Bediüzzaman “Kâinatın telifinde öyle bir icaz vardır ki, Şayet farz-ı muhal olarak esbab, faili muhtar birer amir olsaydı ve kâinat onların idaresine verilse idi bu icaza karşı, izharı acz ederek, “sübhaneke la ilmelena, İslâma allemtena inneke entel alimül hakim” diyerek secde-i hayrete gidecek ve gafletlerinden pişmanlıkla istiğfar edeceklerdi.
Üstad bu gerçeğin ifadesi için “Basar masnuatı görüp de basiret Sâni’i görmezse çok garip ve pek çirkin düşer” diyor.
Evet akılları gözlerine sükût etmiş maddiyyunların hikmetsiz hikmetleri burada sükût eder.
Çünkü Cenab-ı Hak nihayetsiz kudretinin mu’cizatının numunelerini beş bin hikmetle tahrik olunan zerrat ile izhar eder. O akılsız feylesoflar bu zikir ve tesbih-i İlâhî ile Mevlevî gibi zikreden ve devrana kalkan o zerreleri kendi kendilerine sersem gibi dönüp oynuyorlar zannetmişler. İşte bundan da anlaşılıyor ki, onların ilimleri ilim değil cehildir (Sözler. s. 586)
Burada kanunu ilm-i muhitin ucu görünüyor.

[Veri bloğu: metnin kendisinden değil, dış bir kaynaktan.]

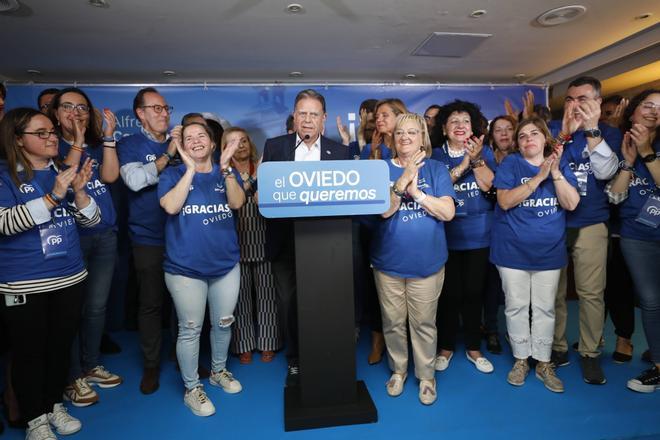 Canteli celebra la mayoría absoluta en Oviedo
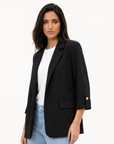 Blazer donna oversize con maniche 3/4 Nero - vista tre quarti con Polly 2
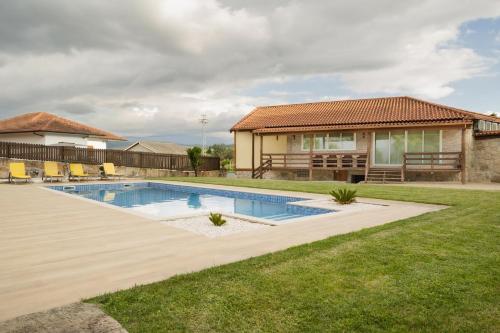 A Casa do Pomar — 4-Star Luxury Hotel in Celorico De Basto, Portugal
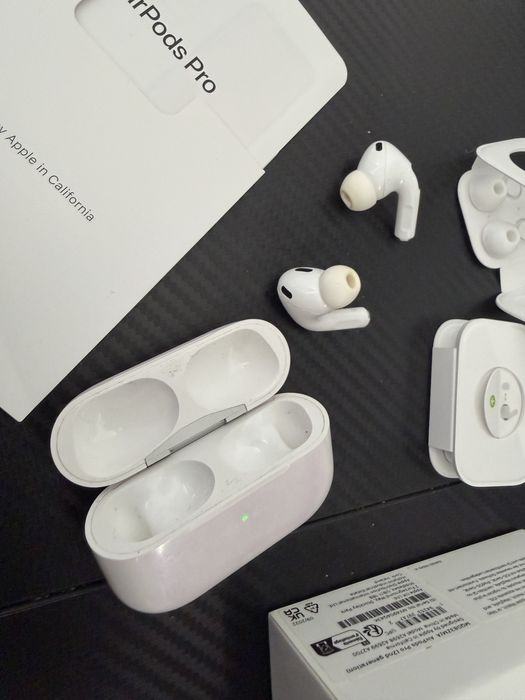 Casti Apple Airpods Pro 2, folosite, functioneaza 10/10, fara probleme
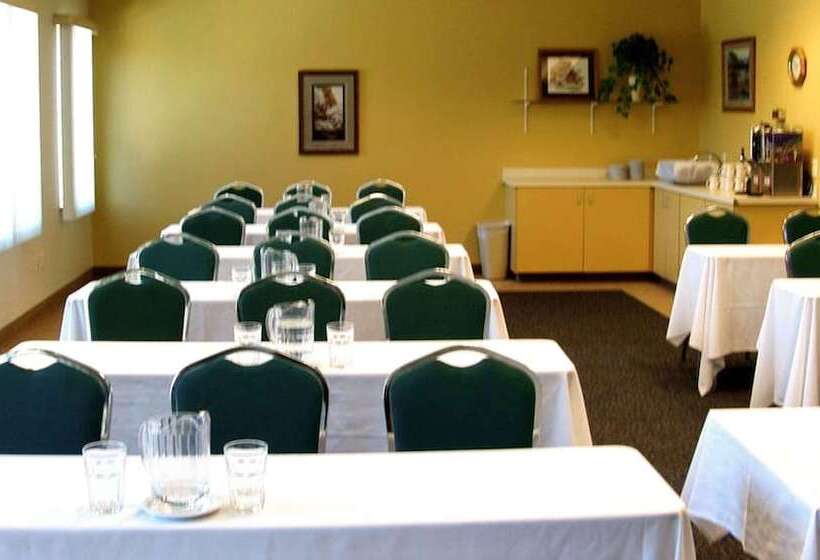 هتل Broadway Inn Conference Center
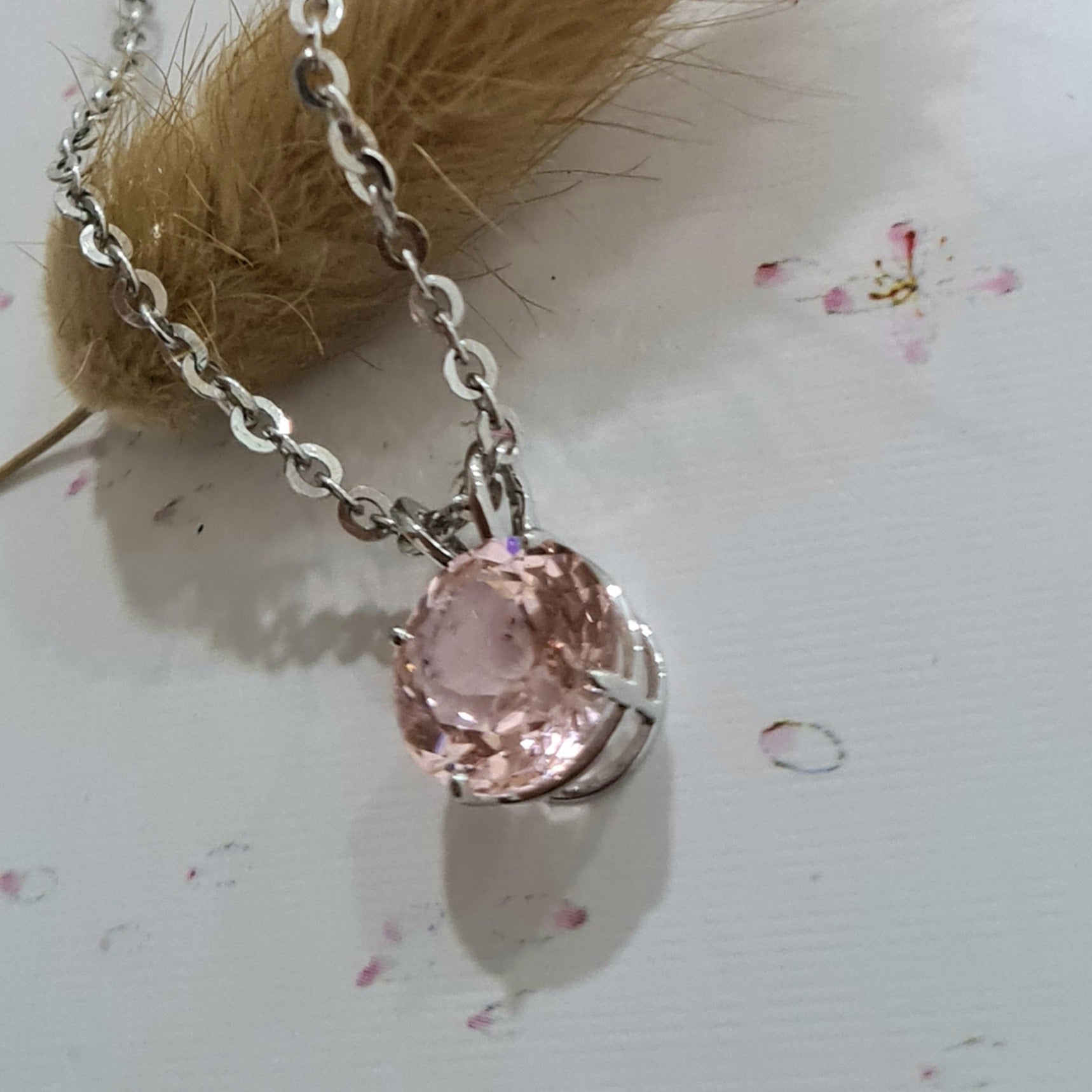 Solitaire Morganite Pendant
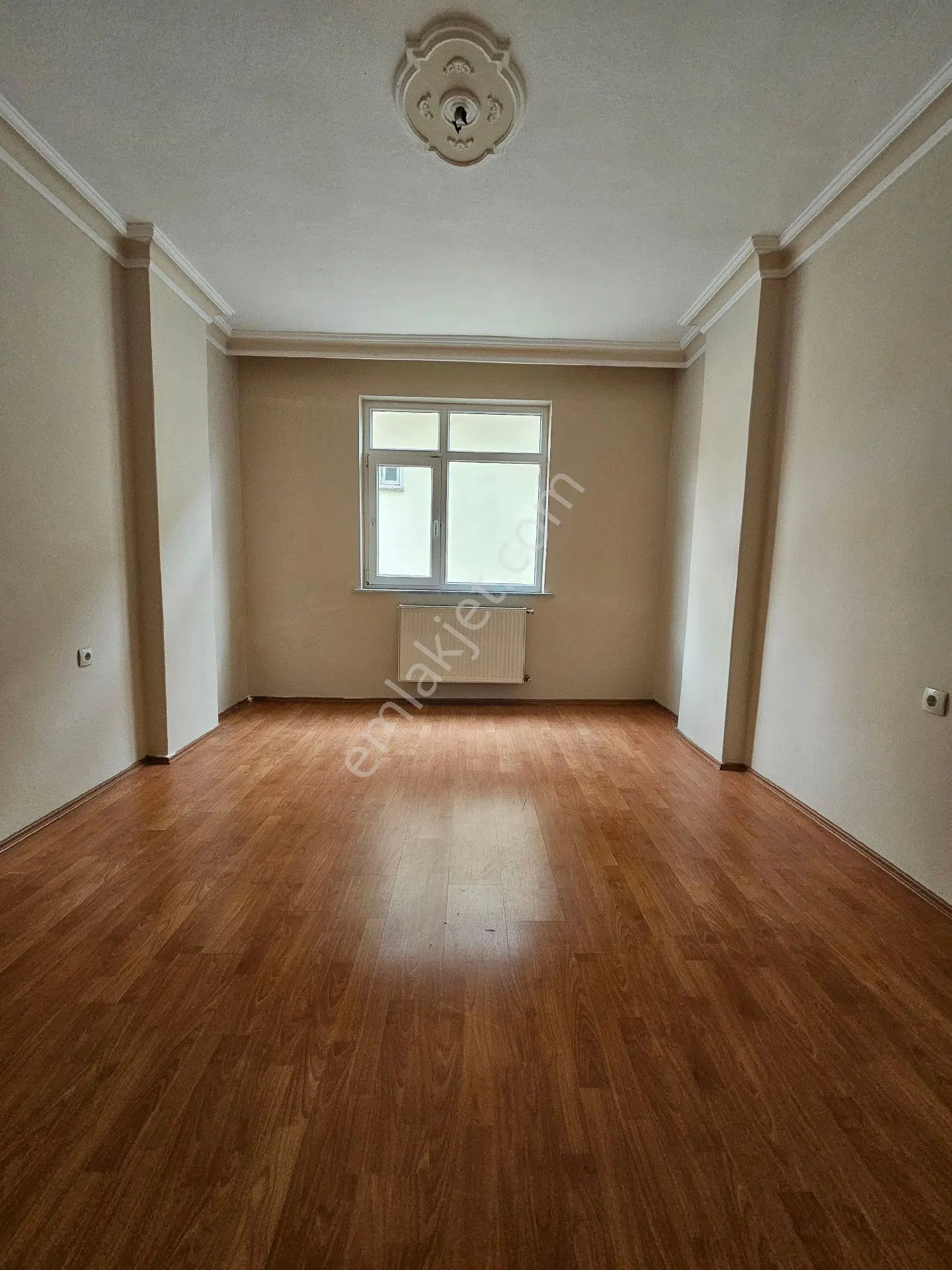 Kiralık Metrobüse Yakın 3+1 Daire - Görsel 9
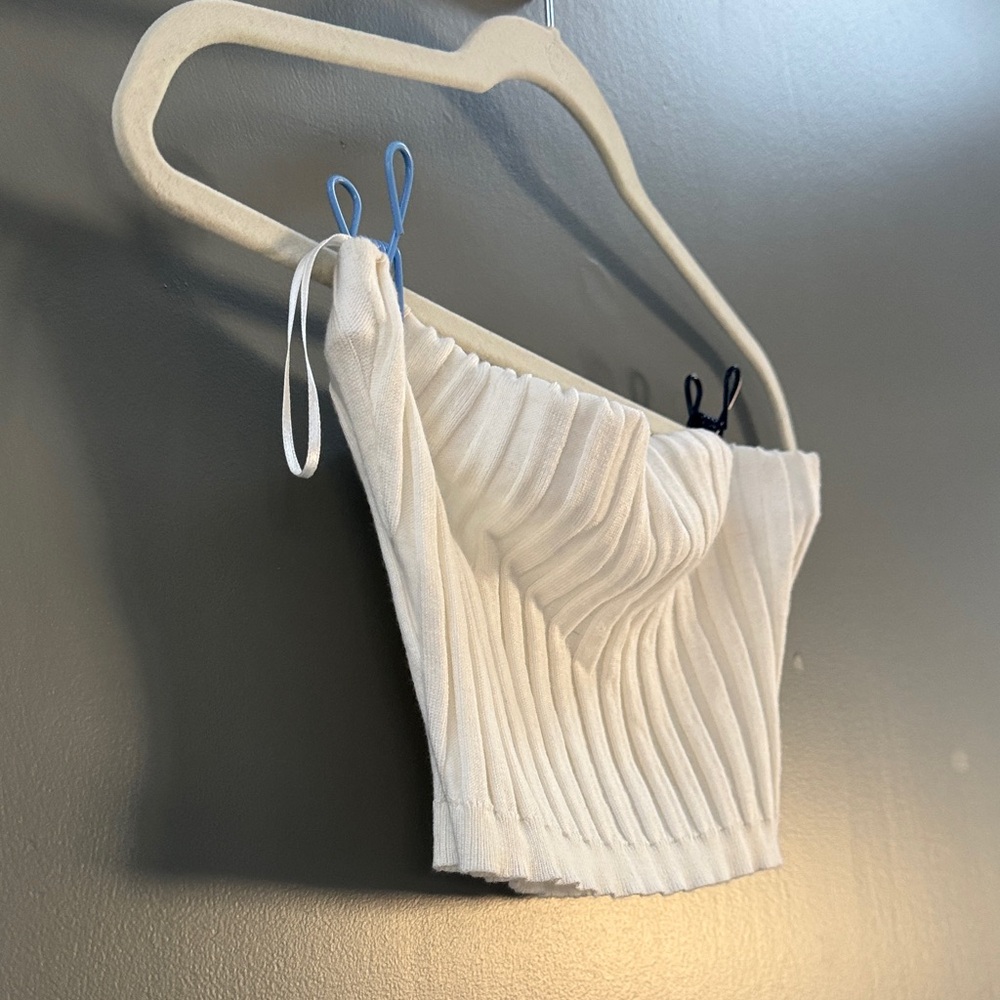 Chic White Ribbed Tube Top - Picture 3 of 3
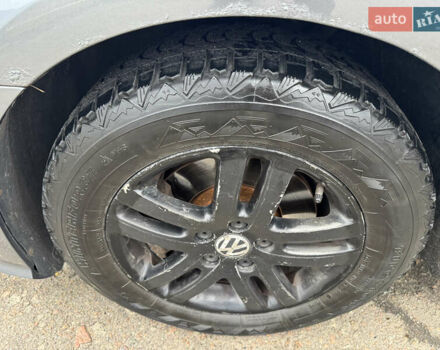 Серый Фольксваген Пассат, объемом двигателя 1.8 л и пробегом 209 тыс. км за 12490 $, фото 9 на Automoto.ua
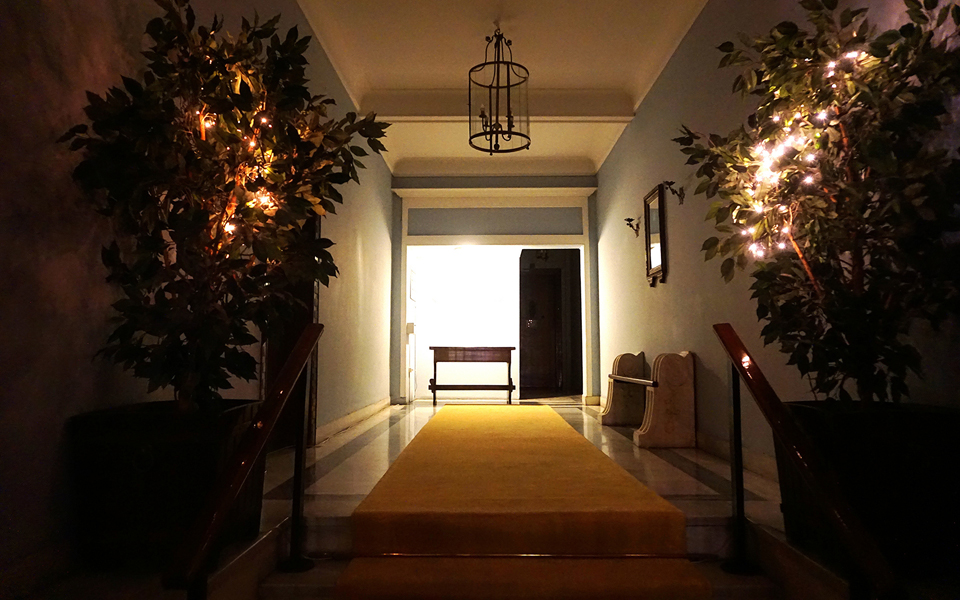 οι-φωτισμένες-είσοδοι-της-οδού-σκουφά-2165798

Ben ayı gösteriyorum ahmaklar parmağıma bakıyor. Âdili mutlak olan Allah (cc) elbette bunun hesabını onlara soracaktır.
Süleymaniye Camii’nin mimarı Mimar Sinan’ı inkâr eden biri, herbir taşı Mimar Sinan kabul etmek mecburiyetinde olduğu gibi ondan çok daha mükemmel ve muhteşem olan kâinatı, şuursuz zerrata isnat etmenin hesabını Sultan-ı Kâinat nasıl soracağını ve onların ne hallere düşeceğini İlâhî kitaplarıyla ilân etmiştir.
Allah’ım! Bizleri de gafletten ikaz edip, makbul istiğfarlar ihsan eyle!
Evet bütün şahitlerin delâiliyle herbir zerre mebde-i hayatında “Bismillah” der.